Celebrating London Craft Week with ‘The Call of the Wild.’

There’s something uniquely evocative about the words 'The Call of the Wild' that conjures images of the Alaskan frontier, of the Yukon Gold Rush and adventures in the dangerous frozen wilderness of North America. With lumberjacks, endless pine forests, gold prospectors and of course that most iconic native creature, the mighty grizzly bear. So when we created our own masterwork of such an epic creature and its natural setting, we knew what we had to call it.

 

 

To pay homage to this magnificent beast and its breath-taking home, our craftsmen spent many hours ensuring the details are perfect. Our bear has the characteristic grizzly throat fur, hand chased to curl and flow down from those mighty jaws. The jaws, open to catch a leaping salmon or perhaps to roar its claim to the rock, are set with extremely fine teeth that match perfectly to the real thing - except in miniature.

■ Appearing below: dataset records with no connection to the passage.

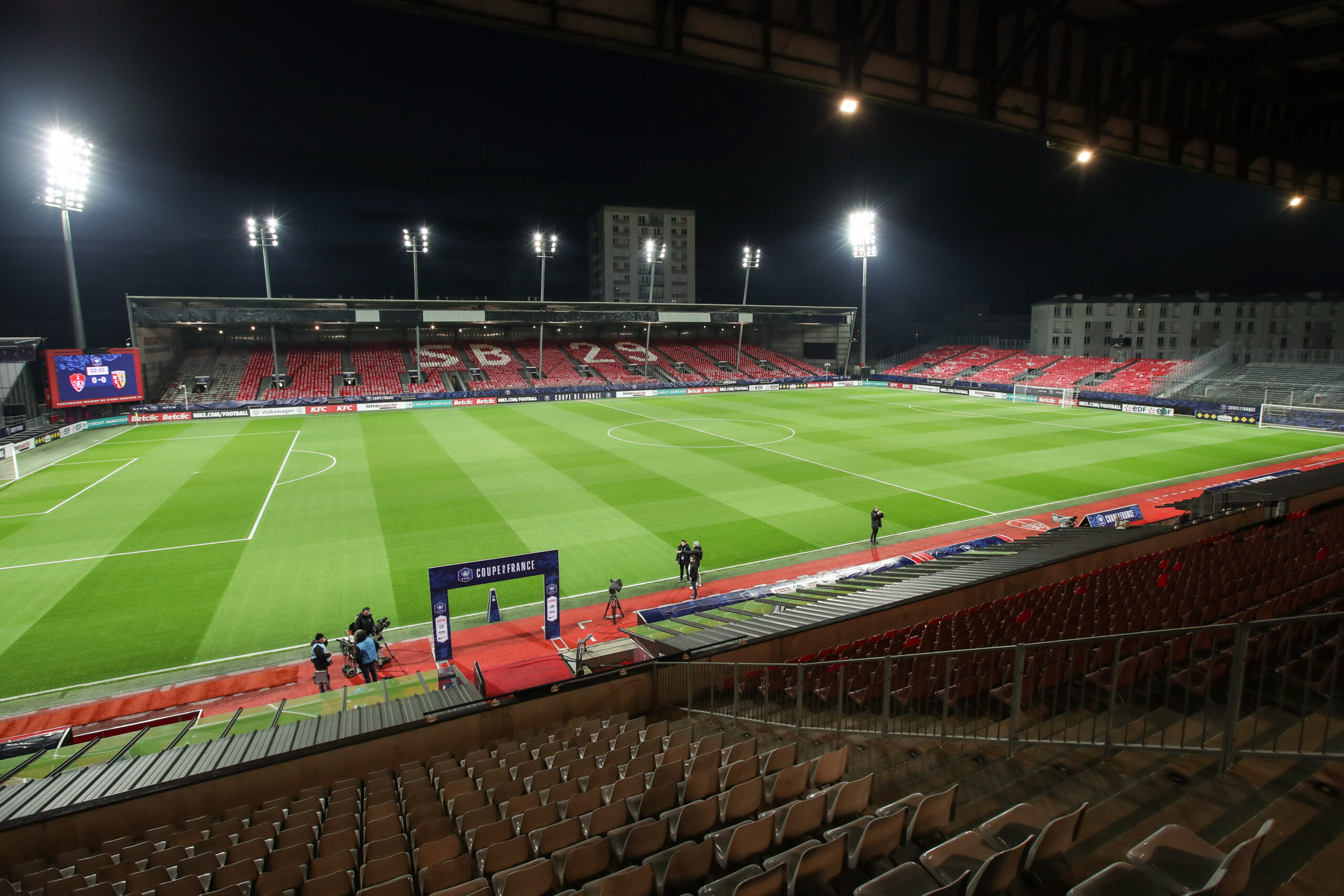 Su estadio, el Stade Francis Le Ble, no ha sido considerado apto para albergar competiciones de la UEFA.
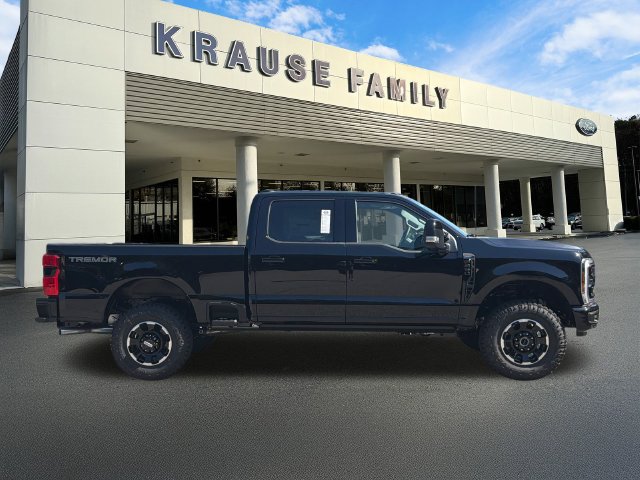New 2027 Ford F250 Lariat w/ Tremor Off-Road Package AWD/4WD image 9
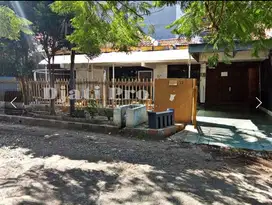 Dijual Rumah 1,5 Lantai Di Dharmahusada Selatan Dekat Depot Bu Rudi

The body of the bear, is chased to mimic wet fur, finished in deeply oxidised silver that adds depth of colour.

 

 

The bear stands on a finely detailed silver rock, hand raised in our workshops to feature the natural curves and faces of a real boulder, then set into a mirror polished round silver base to create the feel of water, lit with reflections and sparks of light, flowing around the matt-finished texture of the rock. The end result is a piece that seems to stand taller than it is, with a depth and movement about it that comes from placing three different textures and finishes together.

 

 

It's believed that it took the legendary American novelist Jack London around 1000 hours to write his debut novella The Call of the Wild. He was a master craftsman. It takes our master craftsman around 135 hours to finish our mighty sterling silver bear.